日系レンタルオフィスへの入居第1号となったIT企業の職場=3日午後4時ごろ、首都圏マカティ市で写す

 首都圏マカティ市のビジネス街、アヤラ通りに面した高層ビル群の一角に、開業して間もないレンタルオフィスがある。若手起業家から大手の駐在員まで幅広い企業が入居し、このオフィスを根城にフィリピンでの成功を夢みて競い合う。かつて、日本の著名な漫画家たちがそれぞれの夢を抱いて修行時代を共にした「トキワ荘」のいわば企業版とも言える。

 ▽ネットの速さが売り

 今年4月初めに、このレンタルオフィスを開業したのは「クロスコープ」。親会社は東京の都心で格安オフィスを展開する。比国内でレンタルオフィスを専業とする企業は、日系では初めて。高層ビル23階の1フロアを35部屋に区切り、貸し出している。入居企業の希望に応じて9種類の広さの部屋を提供。約9平方メートルの3人部屋が人気が高い。約40平方メートルの13人部屋もある。

 これまでに17社が入居を決めた。10社が日系、残りはシンガポール3社と英、豪、インド、ノルウェーの企業が各1社ずつ。ネット回線の速さが売りで、情報技術(IT)系の企業が半数を占める。他には、貿易、自動車製造、人材派遣など。
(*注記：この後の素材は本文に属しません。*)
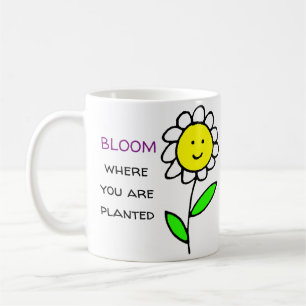 Mug Fleur Où Vous Êtes Plantés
 「日本語対応が可能という点も売りにしたい」と話すクロスコープのゼネラルマネージャー、高木慎一朗さんは26歳。比事務所の立ち上げを任され、3月末に来比した。今は2人の比人スタッフと3人で、切り盛りしている。高木さんは「これからは起業家やベンチャー企業が社会を変えていく。そういった企業を支援したい」と抱負を話す。

 ▽多数派はベンチャー

 レンタルオフィスは簡単な契約で即日入居でき、賃貸費用も1部屋分だけに抑えられるので、立ち上げ間もない企業の利用が多い。
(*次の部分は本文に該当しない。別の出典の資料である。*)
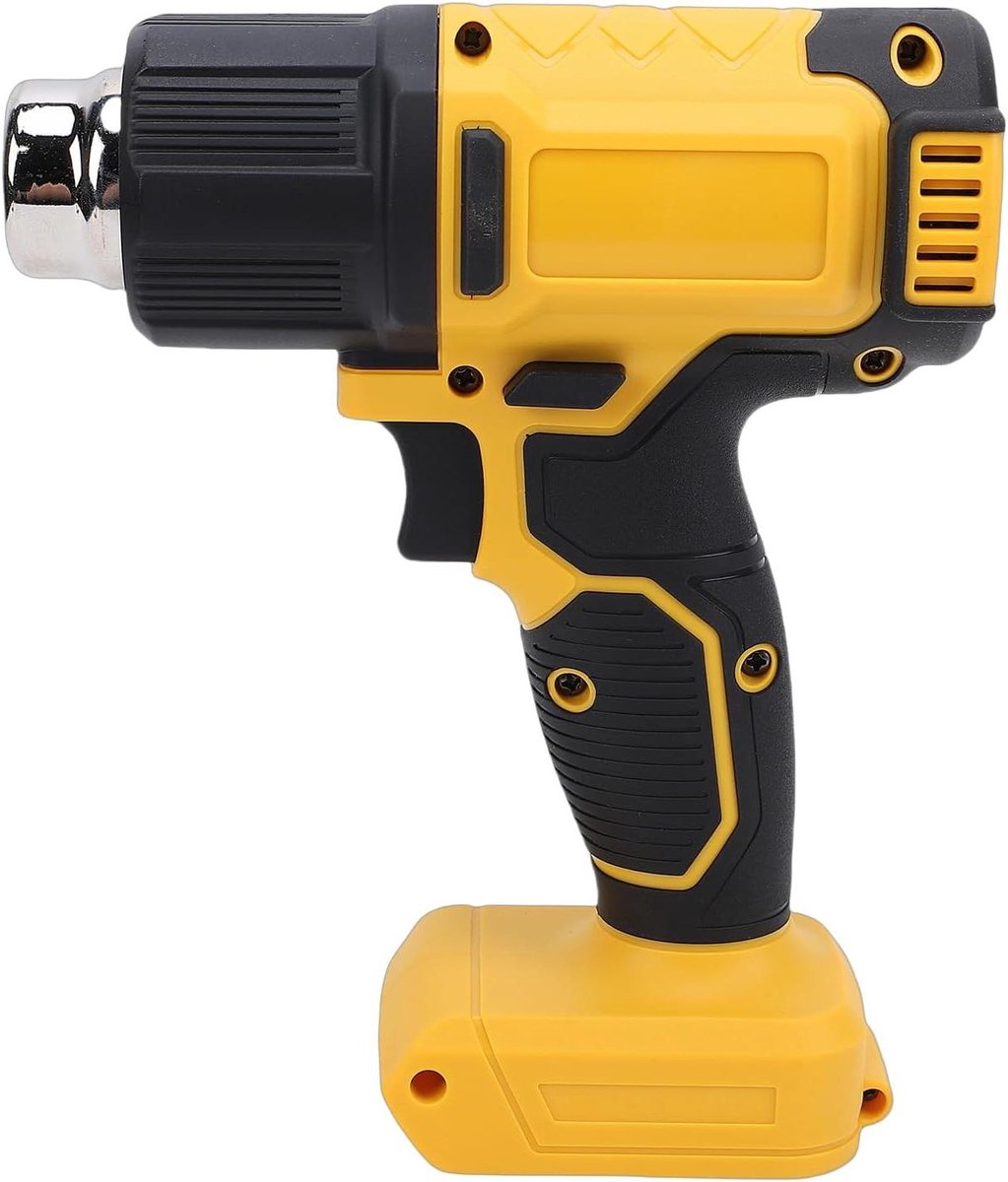 Warmtepistool op Batterijen - Hete Lucht Blaster - Verf Verwijderen - Flexibele Temperatuur - 24 x 21 x 9 cm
 比国内で、プリペイド式携帯電話を使ったモバイルサービス事業を展開しているITベンチャー、YOYO Holdings(ヨーヨーホールディングス)が入居第1号となった。

 「オフィスの規模が身の丈に合っていた。インターネットが早いことにも満足」と深田洋輔社長(30)は入居の理由を語る。深田さんは大手IT企業に就職し、スマートフォン向けモバイルサービスの企画営業などを担当していたが、3年目になった昨年に辞め、学生時代から志していた貧困層向け社会的事業(BOPビジネス)を始めるために比入りした。
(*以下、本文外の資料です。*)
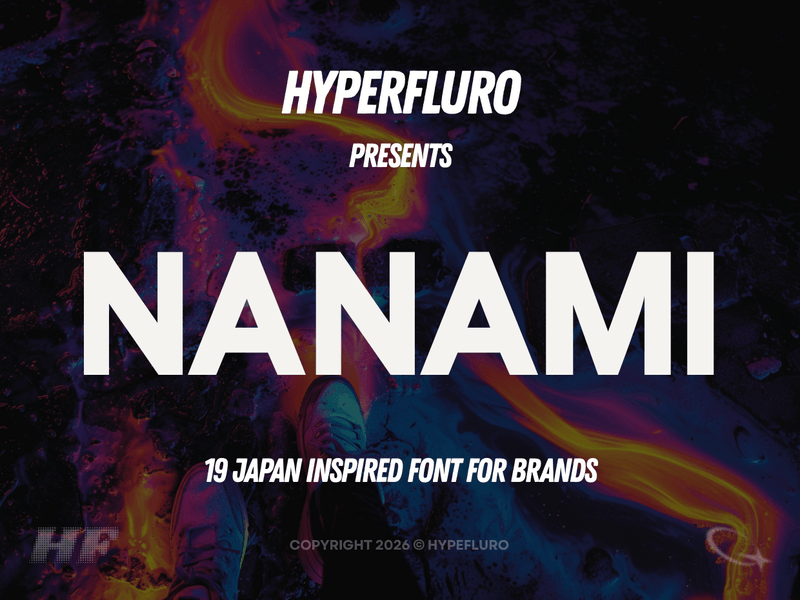 Nanami (19 Sans Serif Fonts)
 BOPビジネスは、世界のピラミッド型人口構造の底辺を占める約40億人とも言われる低所得者層の大市場を対象にする。低所得者層の生活水準向上にも貢献できるようなビジネスモデルが求められる。日本では欧米諸国から約10年遅れで2008年ごろから本格的に立ち上がり始めた。

 ヨーヨーホールディングスは、ウェブサイト上でアンケートに答える代わりに、無料でプリペイド携帯へ課金ができるサービスを運営している。3月にテスト版を公開したとろ、口こみで急速に広まり、この8月には、会員が4万7千人に達した。

 低所得層のユーザーが多いため、将来は慈善事業の周知や、貧困支援団体の調査活動などへの広がりを狙う。「モバイル技術を通して、貧困のない世界を造るのが目標」と深田さんは自身の思いを話した。

 ADerL(アドエル)も4月に入居したITベンチャー。若林パトリック佑治社長(28)は、比人の祖母を持つ。就職した日本のIT企業が東南アジアで子会社立ち上げを計画し、事業担当者を社内募集した際、自ら進んで手を上げた。

 事業地の選定にあたり、アジア圏全体を検討の対象にしたが、悩んだ末、自身のルーツのひとつである比を選んだ。東京で生まれ育った若林さんは、両親の仕事の関係で、6歳の頃から祖母の故郷である比と米国を行き来する日々を送った。16歳で日本に戻ったが、今年1月、再び比入りすることになった。

 アドエルは、登録したユーザーが無料で懸賞に応募できる懸賞サイトを公開。日々の生活に役立つような商品を提供するほか、生活の知恵や比の歴史など、役立つ知識をクイズやIQテストにして公開し、正解者には高級懸賞品に応募できるポイントを付与する。

 社員は若林さんを含め7人、社長以外はすべて比人のITエンジニアである。「比には若くて優秀なエンジニアがあふれている」と若林さんは話す。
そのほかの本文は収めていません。